Compare Azure Data Lake Store to Azure Blob storage
Set the Hierarchical Namespace option to Disabled to set up the storage account as an Azure Blob storage account if you only want to store data without analyzing it. Blob storage can also be used to archive data that is infrequently utilized or to store website assets such as photographs and media.
Set up the storage account as an Azure Data Lake Storage Gen2 account if you’ll be doing analytics on the data, and choose the Hierarchical Namespace option. Applications can access data using either the Blob APIs or the Azure Data Lake Storage Gen2 file system APIs since Azure Data Lake Storage Gen2 is incorporated into the Azure Storage platform.
Stages for processing big data by using Azure Data Lake Store
Azure Data Lake Storage Gen2 is a key component of a variety of big data architectures. These structures may entail the creation of:
- A modern data warehouse.
- Advanced analytics against big data.
- A real-time analytical solution.
There are four stages of large data processing that are common to all architectures:
- Ingestion – identifies the technologies and procedures utilized to obtain the source data.
- Store – indicates the location in which the ingested data should be stored
- Prep and train – outlines the technologies that are used in data science solutions for data preparation, model training, and scoring.
- Model and serve – is concerned with the technologies that will be used to present the data to users. Visualization tools like Power BI, as well as additional data repositories like Azure Synapse Analytics, Azure Cosmos DB, Azure SQL Database, and Azure Analysis Services, are examples.
Uses for Azure Data Lake Storage Gen2
Creating a modern data warehouse
For a modern data warehouse, the architecture places Azure Data Lake Storage at the heart of the solution. To ingest data into the Data Lake from a business application, Integration Services is replaced by Azure Data Factory. This is the place where Azure Databricks gets its prediction model from. PolyBase is used to convert historical data into a big data relational format that is stored in Azure Synapse Analytics, together with the outputs of the Databricks trained model. Azure Analysis Services allows SQL Data Warehouse to cache data so that it can serve a large number of users and be shown in Power BI reports.
Advanced analytics for big data
On an hourly basis, Azure Data Factory uploads terabytes of web logs from a web server to Azure Data Lake. This information is fed into the Azure Databricks predictive model, which is subsequently trained and rated. The results are transmitted globally via Azure Cosmos DB, which will be used by the real-time app (the AdventureWorks website) to make recommendations to clients as they add items to their online shopping carts.

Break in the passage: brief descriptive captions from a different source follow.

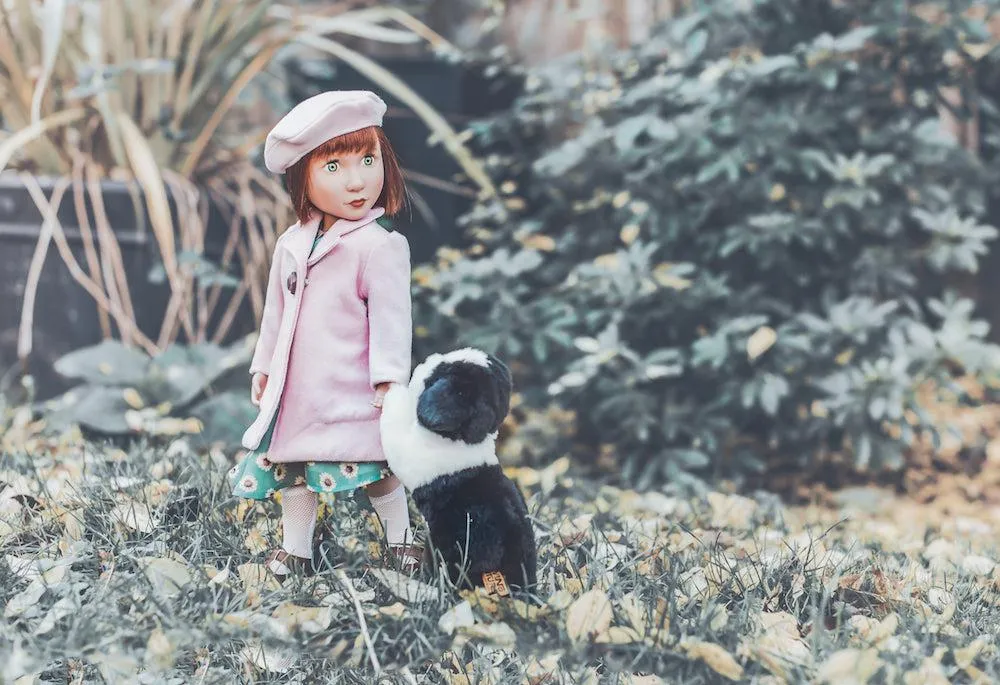 A Girl for All Time 1940s Pink Coat and Beret for 16 inch British dolls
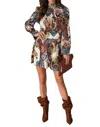 Venti6 Sofia Paisley Open Back Dress In Blue Multi In Multi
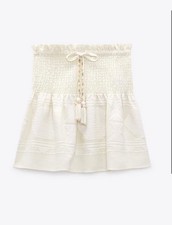 New Zara Cream White  Linen Blend Short Mini Skirt XS Embroidered Shells Boho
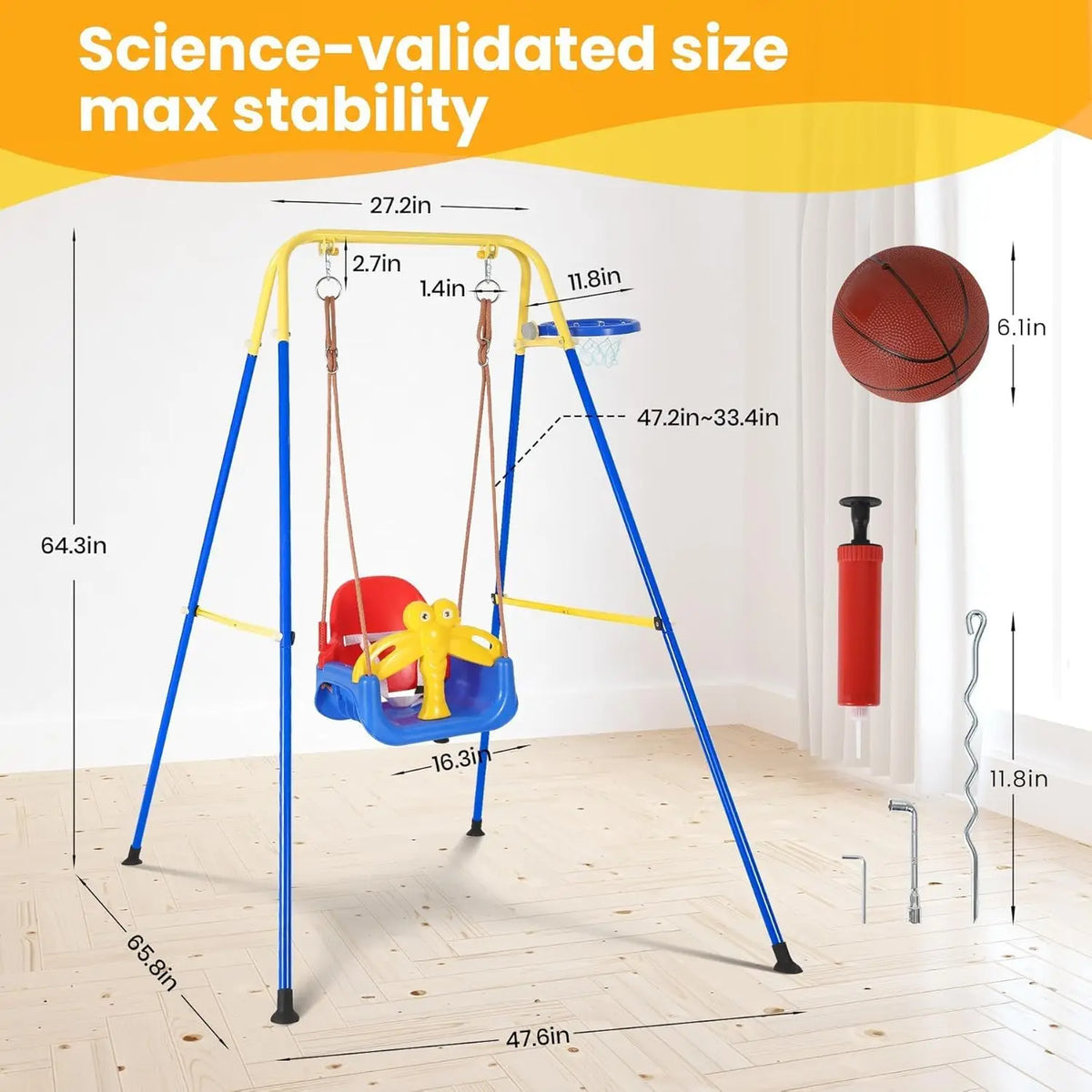 4-in-1 Foldable Toddler Swing Set – Durable Playground Equipment for Backyard or Home, with Basketball Hoop, Portable Outdoor Play Center for Ages 6–36 Months+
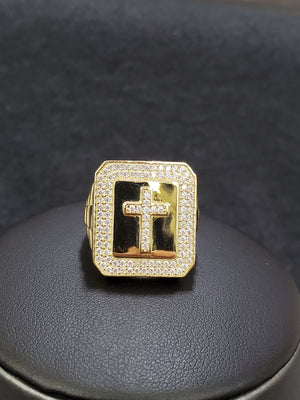 Real 10K Solid Yellow Gold Cross Cz Men's Ring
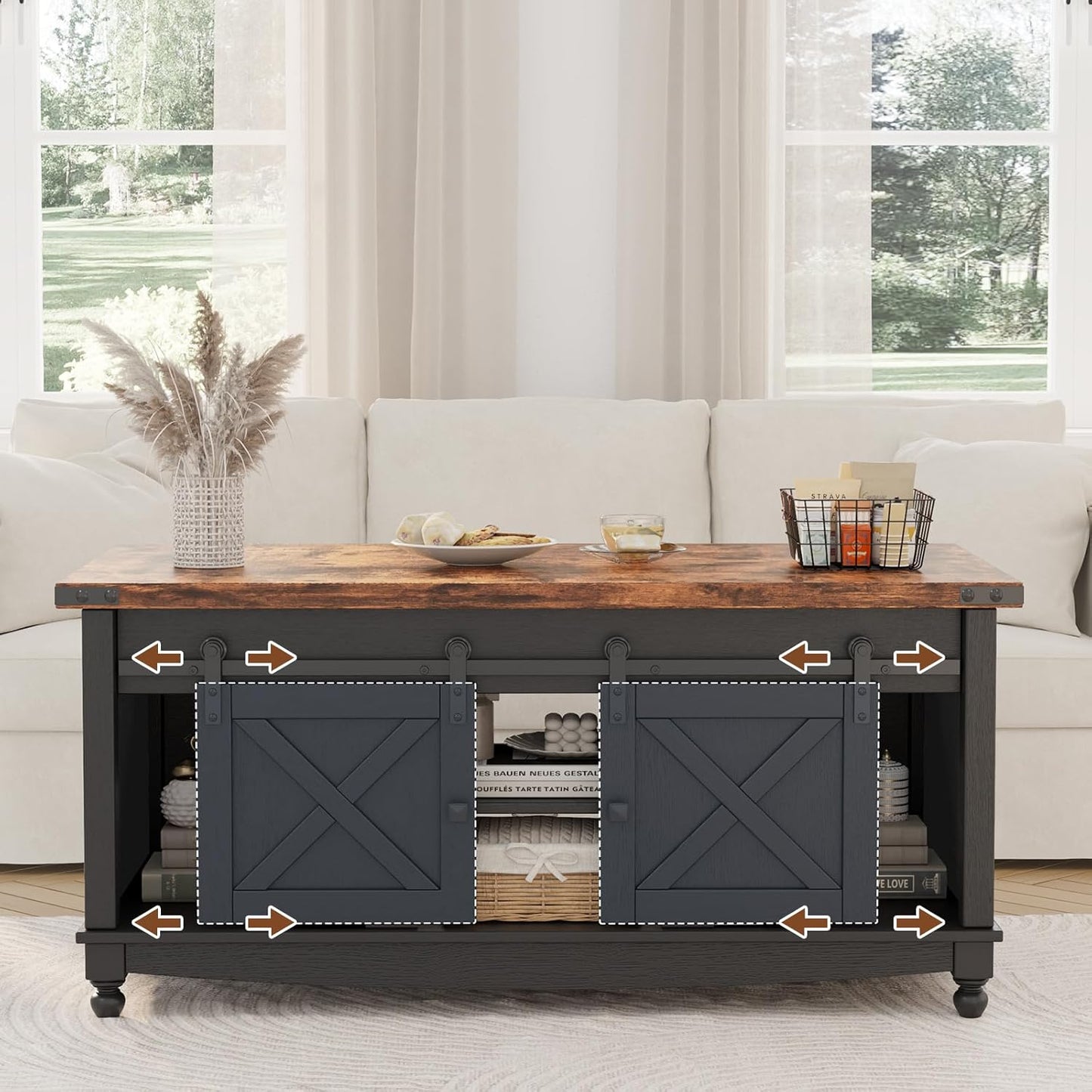 48" Farmhouse Lift Top Coffee Table with Storage Sliding Barn Door & Large Hidden Compartment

PolyBase is used against the Data Lake to transport descriptive data to the SQL Data Warehouse for reporting purposes, completing this architecture. Azure Analysis Services allows SQL Data Warehouse to cache data so that it can serve a large number of users and be displayed in Power BI reports.
Real-time analytical solutions
There are two ingestion streams in this design. When the HGV engine is turned off, the summary files are generated and ingested by Azure Data Factory. The real-time ingestion engine for telemetry data is Apache Kafka. Both data streams are saved in Azure Data Lake Store for future use, but they are also provided to other technologies to suit business requirements. The predictive model in Azure Databricks receives both streaming and batch data, and the results are published to Azure Cosmos DB for use by third-party garages. PolyBase moves data from the Data Lake Store to the SQL Data Warehouse, where Azure Analysis Services uses Power BI to build HGV reports.